Economic cycles also contribute to job polarization. Manufacturing and construction industries tend to be sensitive to macroeconomic trends and disproportionately employ routine manual workers. Although employment may slow across all industries during a recession, these industries tend to have higher levels of lay-offs. Additionally, there is some evidence that the process of labor market polarization can accelerate during recessions, as the cost of automating and offshoring positions falls. 

Finally, changes in public policies also affect employment levels as governments respond to fluctuating macroeconomic conditions. Federal, state, and local regulatory bodies have the potential to shift the economic benefits and costs of hiring low skill service workers. Changes in the minimum wage, public unemployment and disability benefits, or collective bargaining rights may also influence the degree of labor market polarization in an economy.

Looking ahead


Patterns of labor market polarization differ among regions that operate with different policies, industry mixes, and workforce demographics. Understanding the extent and sources of job polarization in the Chicago region closely aligns with the over-arching principles of resilience and inclusive growth in the forthcoming ON TO 2050 plan. 

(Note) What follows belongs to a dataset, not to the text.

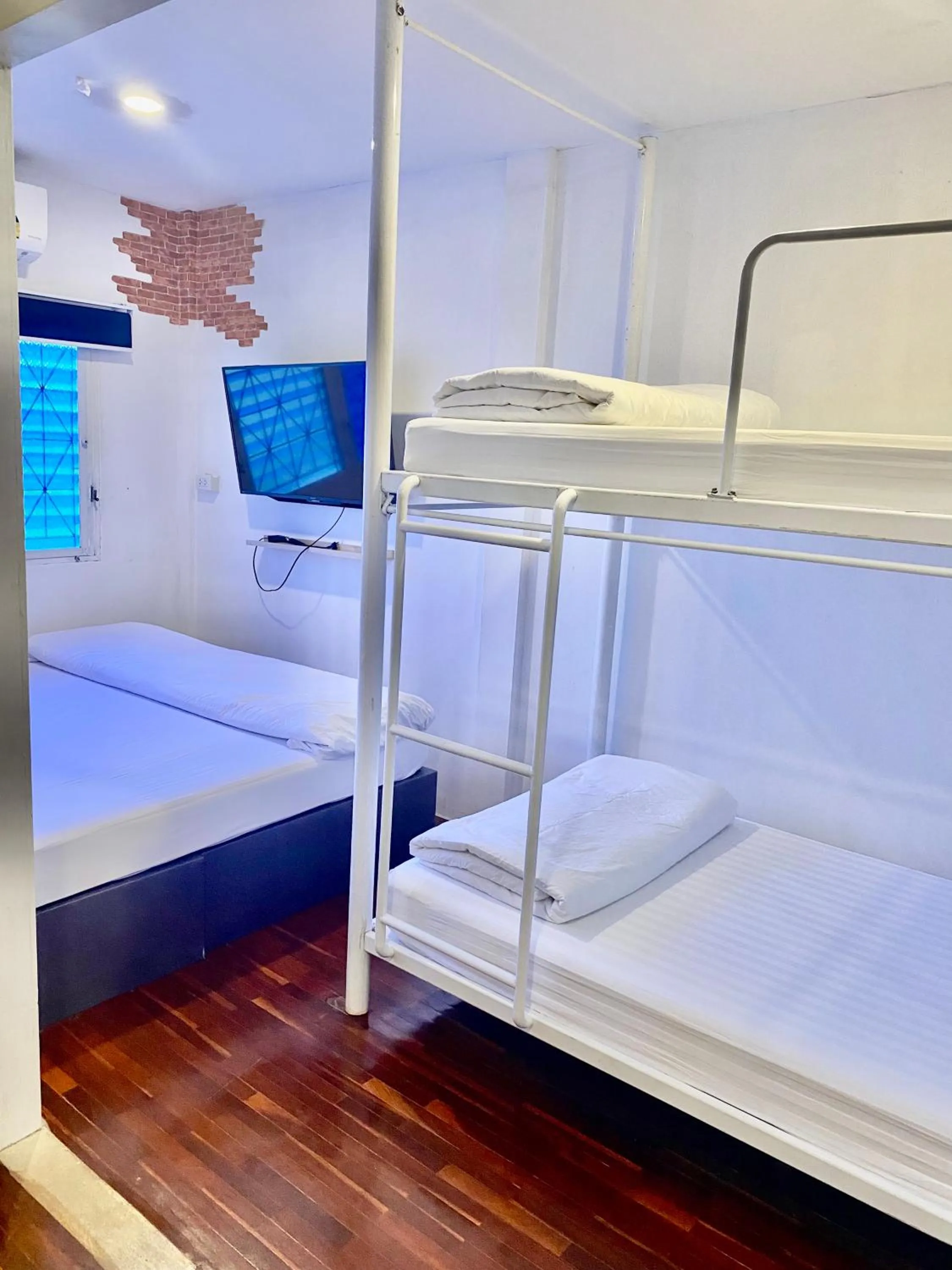 Bed in Zleepinezz Hostel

The first step in building a workforce that is resilient to future technological and demographic shifts is analyzing the effects of realized shifts on employment demand. CMAP recommends widespread, coordinated actions among educational institutions, employers, and workforce development agencies to build career pathways and opportunities for upward mobility. Research has shown that economic opportunity and growth are intertwined. The loss of middle skill jobs is a worrisome trend that could slow growth and prosperity of the entire region, and thus warrants a deeper investigation. 

The second Policy Update in this series will analyze employment and occupation changes in the Chicago region. The third Policy Update will provide context for understanding patterns of polarization in the Chicago region, by comparison with peer metropolitan areas. 


About the Data

Employment in this analysis is restricted to workers between the ages of 18-64 who are currently employed and work more than 20 hours a week. Military occupations are excluded. Median occupational wage in 1980 is used as a proxy for skill.